Aux mages, par contre, l’étoile révèle ce que les écritures, les lois et les prophètes ne réussissaient pas à maintenir éveillé dans Hérode et les scribes. Car comment la création pourrait-elle oublier la mémoire de Dieu, mémoire qu’elle incarne et contient? Tant que les saisons se succèdent, que les cœurs des hommes s’attirent les uns les autres, que les êtres se reproduisent, le Verbe de Dieu est à l’œuvre dans la création, par les éléments du cosmos et par tout ce que l’Esprit opère à travers les hommes, révélant aux hommes de bonne volonté que Dieu s’est revêtu de la chair qu’il a créée et que l’amour divin se répand dans le monde. L’étoile appelle les rois mages à poursuivre le pulse d’une mémoire qu’ils ne connaissent pas encore, mais qui déjà fait vibrer leur être le plus intime. Quelle paradoxe: des non-croyants et ‘payens’, experts des choses de la nature, se révèlent plus sages, car plus pénétrables pour la Sagesse, que les experts officiels des choses divines. Pour cette raison, le Verbe de Dieu leur communique le pulse de sa propre mémoire, tandis qu’il avertit Joseph de se mettre à l’abri, avec Marie et Jésus, pour fuire Hérode et les scribes assassins, serviteurs fidèles d’une mémoire qui a perdu son propre pulse.

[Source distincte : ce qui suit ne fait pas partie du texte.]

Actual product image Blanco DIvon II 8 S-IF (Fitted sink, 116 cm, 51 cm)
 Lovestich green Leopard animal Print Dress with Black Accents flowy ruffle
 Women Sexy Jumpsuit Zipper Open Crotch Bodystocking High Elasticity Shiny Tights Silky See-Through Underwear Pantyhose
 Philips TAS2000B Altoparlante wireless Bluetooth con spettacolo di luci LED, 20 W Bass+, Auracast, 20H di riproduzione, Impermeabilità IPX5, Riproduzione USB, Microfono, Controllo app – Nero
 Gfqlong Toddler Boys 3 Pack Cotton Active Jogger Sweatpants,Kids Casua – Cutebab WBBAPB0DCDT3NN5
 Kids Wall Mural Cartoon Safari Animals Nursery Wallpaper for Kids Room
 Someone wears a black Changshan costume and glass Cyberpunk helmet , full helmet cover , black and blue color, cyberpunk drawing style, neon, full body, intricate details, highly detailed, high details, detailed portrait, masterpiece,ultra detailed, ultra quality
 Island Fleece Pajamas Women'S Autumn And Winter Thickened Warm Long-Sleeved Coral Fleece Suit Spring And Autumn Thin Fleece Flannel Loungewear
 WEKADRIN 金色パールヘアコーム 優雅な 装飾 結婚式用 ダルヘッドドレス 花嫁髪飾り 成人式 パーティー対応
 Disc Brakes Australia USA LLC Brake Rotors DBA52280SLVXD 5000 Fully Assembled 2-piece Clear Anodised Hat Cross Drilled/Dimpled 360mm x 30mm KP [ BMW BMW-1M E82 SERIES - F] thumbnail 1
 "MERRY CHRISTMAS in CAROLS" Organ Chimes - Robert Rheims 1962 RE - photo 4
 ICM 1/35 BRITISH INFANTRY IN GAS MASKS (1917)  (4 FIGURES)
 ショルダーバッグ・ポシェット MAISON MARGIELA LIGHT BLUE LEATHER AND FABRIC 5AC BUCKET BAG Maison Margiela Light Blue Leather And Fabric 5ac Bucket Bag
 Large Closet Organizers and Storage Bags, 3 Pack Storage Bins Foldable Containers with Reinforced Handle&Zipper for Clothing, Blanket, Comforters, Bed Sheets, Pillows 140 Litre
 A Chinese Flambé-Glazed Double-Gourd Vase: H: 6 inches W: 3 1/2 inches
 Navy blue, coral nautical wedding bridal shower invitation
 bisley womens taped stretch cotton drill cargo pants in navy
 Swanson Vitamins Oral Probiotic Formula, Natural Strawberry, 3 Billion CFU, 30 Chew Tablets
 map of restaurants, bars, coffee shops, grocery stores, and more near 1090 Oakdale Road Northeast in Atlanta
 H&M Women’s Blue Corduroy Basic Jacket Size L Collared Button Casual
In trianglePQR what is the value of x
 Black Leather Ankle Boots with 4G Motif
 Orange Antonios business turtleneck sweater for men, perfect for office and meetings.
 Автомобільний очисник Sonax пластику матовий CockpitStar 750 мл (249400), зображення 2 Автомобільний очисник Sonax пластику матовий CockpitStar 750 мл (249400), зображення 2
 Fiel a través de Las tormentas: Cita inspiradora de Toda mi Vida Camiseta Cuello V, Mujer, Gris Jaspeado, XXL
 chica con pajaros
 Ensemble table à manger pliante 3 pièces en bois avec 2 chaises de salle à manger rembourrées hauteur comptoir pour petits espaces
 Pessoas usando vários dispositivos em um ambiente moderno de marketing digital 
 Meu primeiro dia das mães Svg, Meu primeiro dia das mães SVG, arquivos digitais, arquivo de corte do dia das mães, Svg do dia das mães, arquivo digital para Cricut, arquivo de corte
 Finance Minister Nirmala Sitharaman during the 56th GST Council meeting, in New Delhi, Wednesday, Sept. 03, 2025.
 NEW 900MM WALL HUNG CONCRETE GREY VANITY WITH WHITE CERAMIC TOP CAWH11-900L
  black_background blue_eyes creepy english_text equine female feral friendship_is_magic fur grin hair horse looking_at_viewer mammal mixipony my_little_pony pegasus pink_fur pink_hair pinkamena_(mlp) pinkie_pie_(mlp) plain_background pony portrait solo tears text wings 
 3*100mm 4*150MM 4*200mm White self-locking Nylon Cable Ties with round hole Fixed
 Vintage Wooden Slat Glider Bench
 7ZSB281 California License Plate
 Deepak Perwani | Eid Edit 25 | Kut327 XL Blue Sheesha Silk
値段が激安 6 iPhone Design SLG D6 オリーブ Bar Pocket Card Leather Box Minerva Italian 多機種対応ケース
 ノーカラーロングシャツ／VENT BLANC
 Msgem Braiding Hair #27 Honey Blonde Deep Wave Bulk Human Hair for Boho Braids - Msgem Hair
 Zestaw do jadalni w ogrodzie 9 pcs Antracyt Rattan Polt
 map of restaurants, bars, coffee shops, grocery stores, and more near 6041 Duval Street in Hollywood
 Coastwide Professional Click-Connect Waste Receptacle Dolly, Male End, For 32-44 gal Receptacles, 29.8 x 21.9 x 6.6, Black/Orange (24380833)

Mais demandons-nous une autre fois: qu’en est-il de notre mémoire? A-t-elle encore son propre pulse? Les sacrements que nous recevons nous remettent-ils en lien vital avec le mystère du Dieu incarné? Les saintes icônes, que pieusement nous vénérons, nous rendent-elles nous-mêmes icônes de la miséricorde et de l’amour de Dieu pour les plus démunis de nos frères et sœurs, pour ceux qui souffrent et pour ceux qui sont persécutés? Notre célébration de Noël nous transforme-t-elle nous-mêmes en symboles de la fête, en lumière, en douceur, en amour, en chant, en miséricorde, en joie? Devenons-nous nous-mêmes symbole de Noël dans le monde, mémoire de Noël qui se transmet par la dynamique de son propre pulse? Oui, nos célébrations, nos sacrements, nos piétés, les symboles que nous chérissons, s’ils ne nous transforment pas nous-mêmes en mémoire vivante, c’est-à-dire en célébration, en sacrement, en dévouement véritable et en symboles de ce que nous confessons être, commencent et finissent avec nous mêmes en réduisant toute l’expression de notre religiosité en idolâtrie.

Or, nous ne sommes pas tous appelés à devenir étoile de Bethléem, ni roi-mage d’un pays lointain, ni un juste Joseph ou une Vierge Mère, ni même des bergers vigilants et émerveillés. Mais inspirons-nous du moins de la sagesse naturelle de l’âne et du bœuf. Et, en ce jour, entourons notre Créateur couché dans la crèche, soyons sa chaleur et sa protection, avec tout le poids de nos symboles et traditions. Et supplions-le d’augmenter et de renforcer au dedans de nous la bienveillance dont lui-même nous a dotée. Et qu’il fasse de nous la mémoire vivante de sa grâce, selon sa bonne volonté, quand et comme son Esprit le nous inspire.